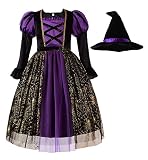[ReliBeauty] ハロウィン 仮装 子供 女の子 魔女 ウィッチ 魔法使い コスプレ 衣装 長袖 ワンピース キッズ コスチューム ドレス とんがり帽子付き 2点セット 140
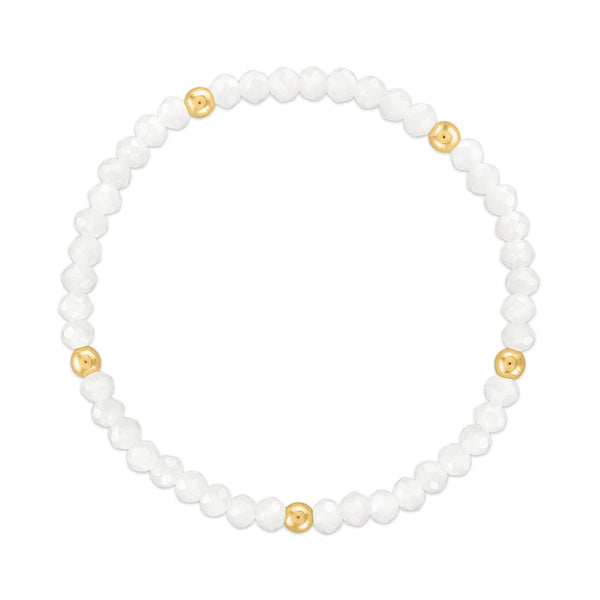 MILA250 White with Gold Ball Stretchy Facet Mila-Mix Bracelet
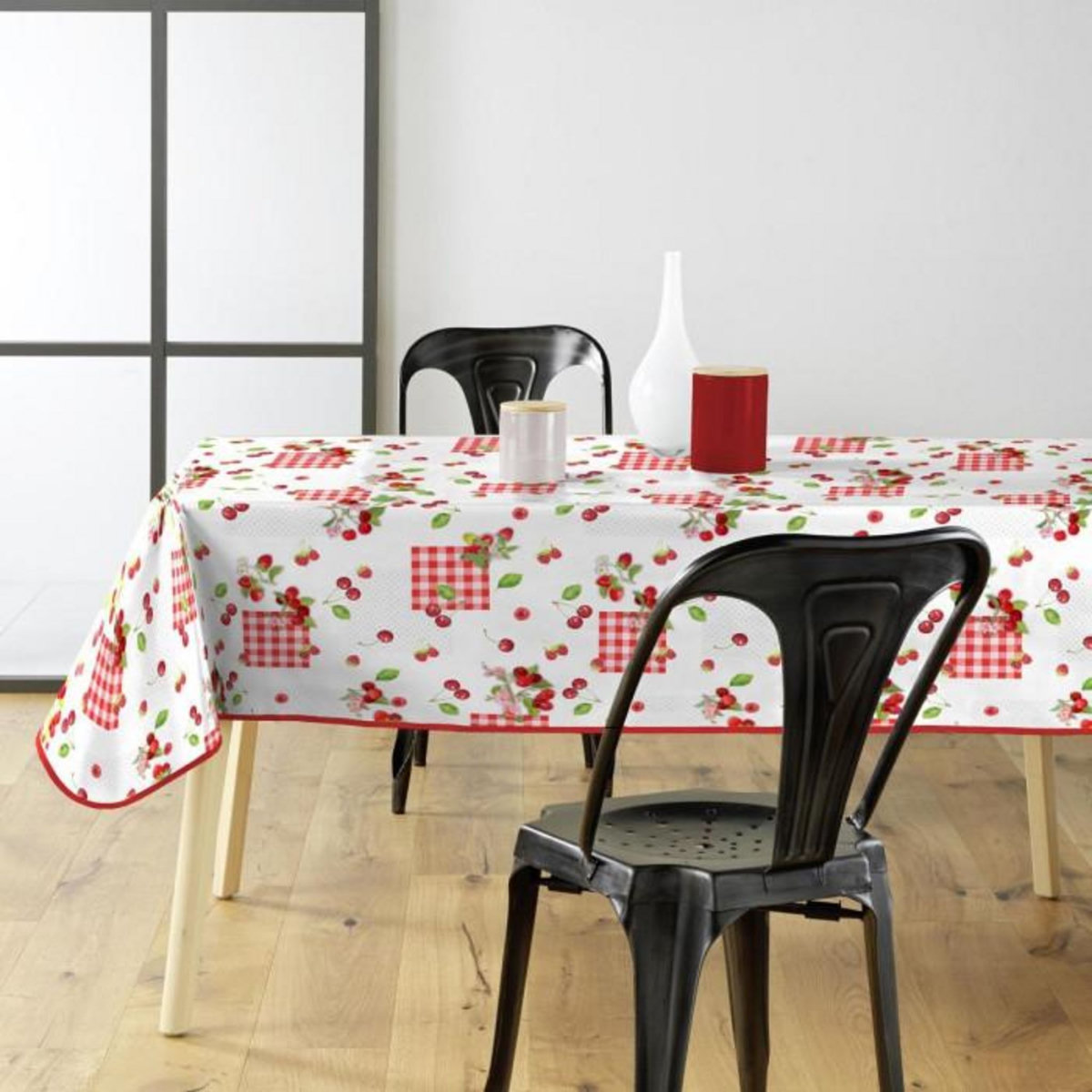 Paris Prix Nappe Toile Cirée  Cerise  140x240cm Rouge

◇ ◇ ◇

[HOW TO COMPLETE THIS TASK] Render the data above verbatim and without pictures.

[REPLY]
[ReliBeauty] ハロウィン 仮装 子供 女の子 魔女 ウィッチ 魔法使い コスプレ 衣装 長袖 ワンピース キッズ コスチューム ドレス とんがり帽子付き 2点セット 140
 MILA250 White with Gold Ball Stretchy Facet Mila-Mix Bracelet
 Paris Prix Nappe Toile Cirée  Cerise  140x240cm Rouge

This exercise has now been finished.